I understand. Everybody has different preferences based on their experiences and their particular situation. You can buy a fixture for the tube type fluorescents at the pet store or any hardware store.

There is not one single "right" way to do it. I think you are going to need to do a bit of experimenting to find out what will work best for you. All we can do is share our opinions about what has worked for us.


----------



## Redstrike (Aug 31, 2012)

Tom said:


> I understand. Everybody has different preferences based on their experiences and their particular situation. You can buy a fixture for the tube type fluorescents at the pet store or any hardware store.
> 
> There is not one single "right" way to do it. I think you are going to need to do a bit of experimenting to find out what will work best for you. All we can do is share our opinions about what has worked for us.



Well said.


----------



## shelloise (Aug 31, 2012)

Thanks, yes, I know from being on different animal forums over the years that you can learn a lot and just have to sort out what works best, as you said. I am going to the pet store in the morning to get the right lights for her. I do appreciate being able to ask questions and learning from the forum.





Tom said:


> I understand. Everybody has different preferences based on their experiences and their particular situation. You can buy a fixture for the tube type fluorescents at the pet store or any hardware store.
> 
> There is not one single "right" way to do it. I think you are going to need to do a bit of experimenting to find out what will work best for you.
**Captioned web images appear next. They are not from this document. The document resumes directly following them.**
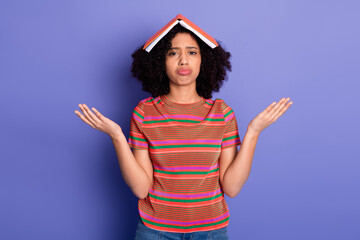 Worried young woman with curly hair holding up a book on her head and demonstrating a confused...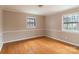 Bedroom with hardwood floors and neutral walls at 6800 April Ln, Charlotte, NC 28215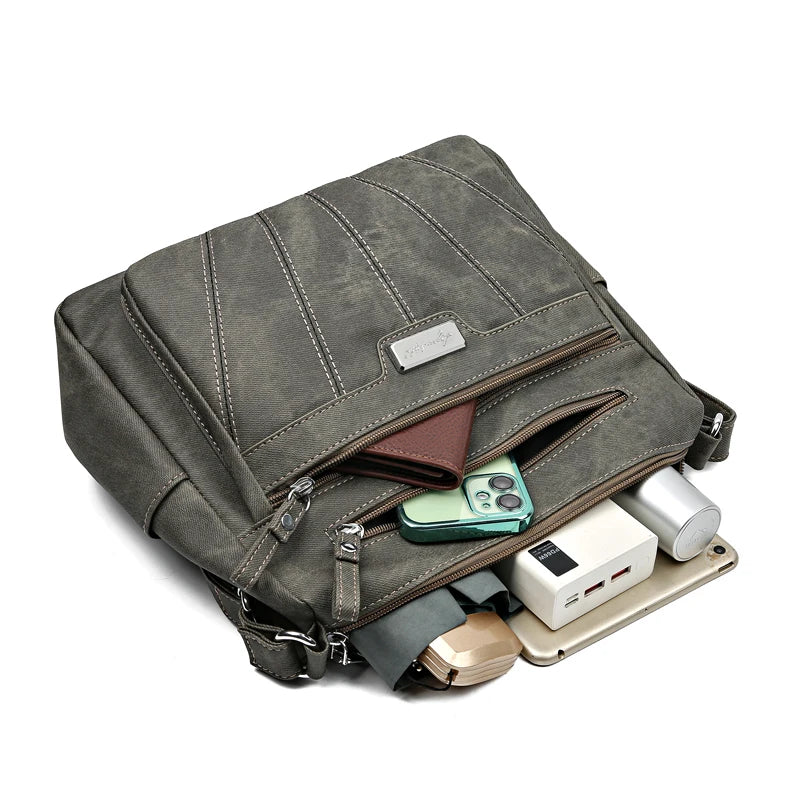 Gray backpack with various items inside on a white background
All we can do is share our opinions about what has worked for us.


----------



## Alan RF (Sep 1, 2012)

The strip light is a zoomed reprising 12uvb bulb in a strip light fitting ... You can get different lengths 15inch to 48inch I think ...I got mine from blue lizard reptiles in the uk but you could view their website?


----------



## shelloise (Sep 1, 2012)

so, I went to the pet stores, no one had powersun, they had another brand that started at 125 wt and seemed too bright.. I think I am going to have to order online somewhere, Plus they said lower to use the coil bulb which I don't want/.
. I am ok using the heat blub I have just want one that is just for uvb i think


----------



## shelloise (Sep 2, 2012)

Found the right light finally for lighting and heat!!!! Thanks very much!


----------